Analysis of RNA chains

The rRNA containing files were subject to an automated search for predefined long-range RNA/RNA interactions using the DSSR software V1.8.9 (Lu et al. 2015). This included the A-minor motifs (Nissen et al. 2001) and ribose zippers (Batey et al. 1999; Tamura and Holbrook 2002) formed between different rRNA chains or single splayed-apart nucleotides that base stack (Batey et al. 1999) or base-pair with distant chains. Results from the latter were used to corroborate RNA/RNA interaction nucleotides detected by visual inspection of several splayed-apart bases that seemed to be establishing hydrogen bonds with nucleotides that belong to other rRNA segments. Visual inspection and measurements of hydrogen bond distances were performed with PyMOL software (The PyMOL Molecular Graphics System, version 2.4, Schrödinger LLC). Visual inspection was carefully done as a strategy to include long-range nonstandard interactions that are not commonly defined in the available software that was used to analyze RNA structures. Hydrogen bonding distances were included according to Jeffrey HB classification where they range from strong (<2.5 Å) to moderate (2.5–3.2 Å) to weak (3.2–4.0 Å) (Jeffrey 1997).

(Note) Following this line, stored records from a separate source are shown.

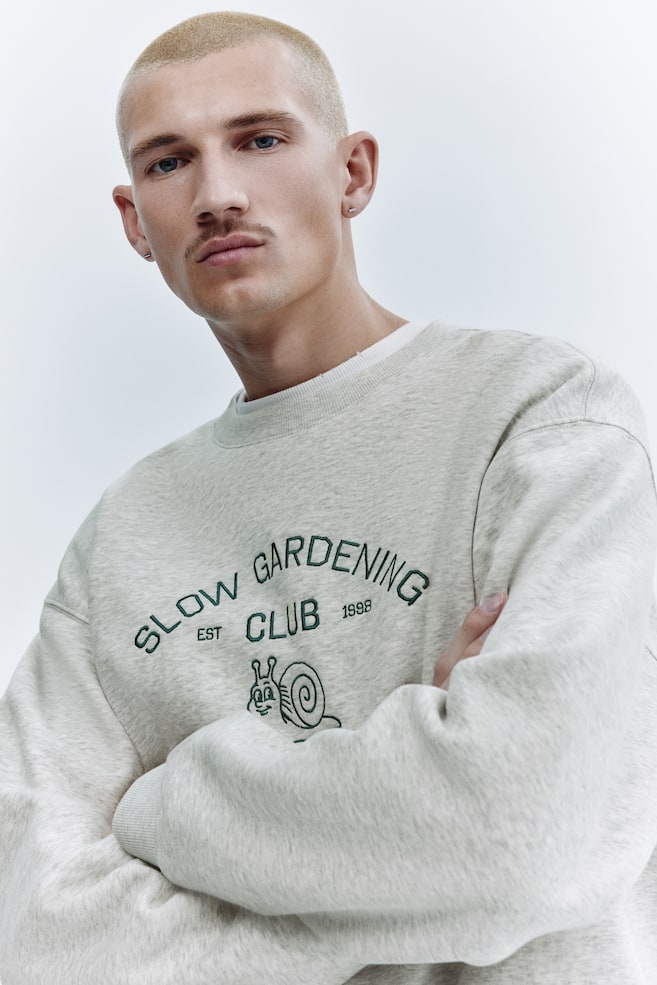 Relaxed-Fit Embroidered-Motif Sweatshirt - Gray/Slow Gardening Club - 6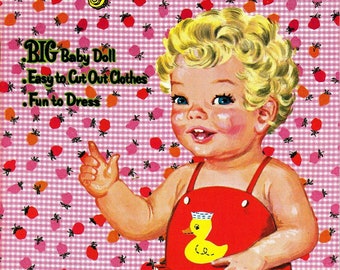 Vintage paper dolls baby kim cut outs c. 1962, pdf instant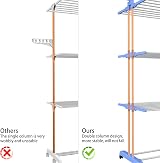 HOMIDEC 4-Tier Foldable Clothes Drying Rack Stainless Steel 172cm H view 5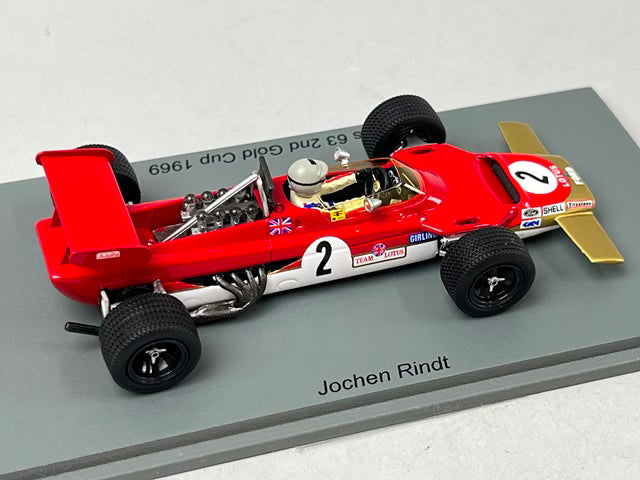 1:43 Spark S6355 Lotus 63 Gold Cup 2nd 1969 #2 J. Rindt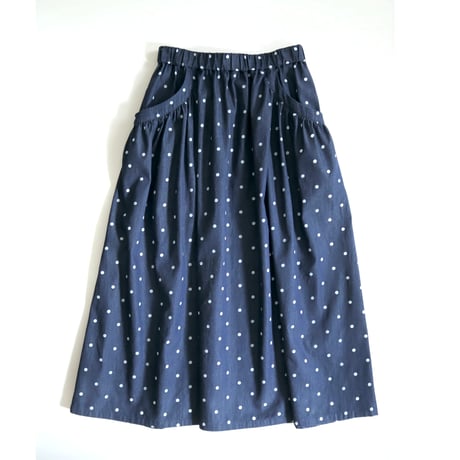 gather pocket skirt (indigo dot)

Defining regions of interaction

From the visual inspection of the cryo-EM structures, it became clear that there were long-range interactions that seemed to be concentrated in local regions. Most of these regions have more than one nonstandard RNA/RNA interaction that mediates the interaction between one of the smaller independent RNA fragments and the main scaffold as well as to other small rRNA fragments. Proximal interactions that were found to have such distribution in the cryo-EM structures were grouped as single regions. A search was done following the increment in number for each nucleotide along the chain, and regions tend to follow that same order, although some regions can involve distant nucleotides further in the chain. Comprehensive tables of long-range nonstandard RNA/RNA interactions organized by regions are presented as Tables 1–4 and Supplemental Tables S1–S4.

SUPPLEMENTAL MATERIAL

Supplemental material is available for this article.